6. Comment des Esprits, qui paraissent développés en intelligence, peuvent-ils avoir des idées évidemment fausses sur certaines choses ?

«Ils ont leur doctrine. Ceux qui ne sont pas assez avancés, et qui croient l'être, prennent leurs idées pour la vérité. C'est comme parmi vous.»

7. Que penser des doctrines d'après lesquelles un seul Esprit pourrait se communiquer, et que cet Esprit serait Dieu ou Jésus ?

«L'Esprit qui enseigne cela est un Esprit qui veut dominer, c'est pourquoi il veut faire croire qu'il est seul ; mais le malheureux qui ose prendre le nom de Dieu expiera chèrement son orgueil. Quant à ces doctrines, elles se réfutent d'elles-mêmes, parce qu'elles sont en contradiction avec les faits les plus avérés ; elles ne méritent pas d'examen sérieux, car elles n'ont pas de racines.

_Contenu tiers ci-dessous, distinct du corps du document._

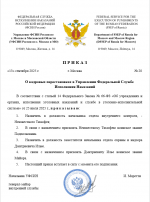 1757790760390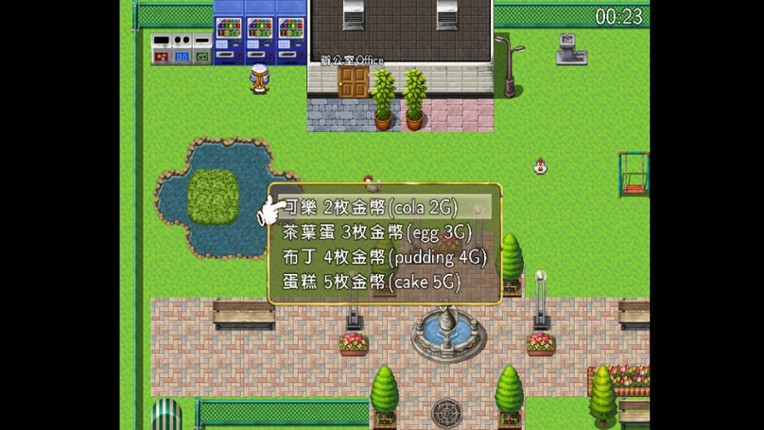 Catch Chicken Games screenshot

La raison vous dit que le bien procède d'une bonne source et le mal d'une mauvaise ; pourquoi voudriez-vous qu'un bon arbre donnât de mauvais fruits ? Avez-vous jamais cueilli du raisin sur un pommier ? La diversité des communications est la preuve la plus patente de la diversité de leur origine. D'ailleurs, les Esprits qui prétendent seuls se communiquer, oublient de dire pourquoi les autres ne pourraient pas le faire. Leur prétention est la négation de ce que le spiritisme a de plus beau et de plus consolant : les rapports du monde visible et du monde invisible, des hommes avec les êtres qui leur sont chers et qui seraient ainsi perdus pour eux sans retour. Ce sont ces rapports qui identifient l'homme avec son avenir, qui le détachent du monde matériel ; supprimer ces rapports, c'est le replonger dans le doute qui fait son tourment ; c'est donner un aliment à son égoïsme. En examinant avec soin la doctrine de ces Esprits, on y reconnaît à chaque pas des contradictions injustifiables, les traces de leur ignorance sur les choses les plus évidentes, et par conséquent les signes certains de leur infériorité.»

L'ESPRIT DE VERITE.

8. De toutes les contradictions que l'on remarque dans les communications des Esprits, une des plus frappantes est celle qui est relative à la réincarnation. Si la réincarnation est une nécessité de la vie spirite, comment se fait-il que tous les Esprits ne l'enseignent pas ?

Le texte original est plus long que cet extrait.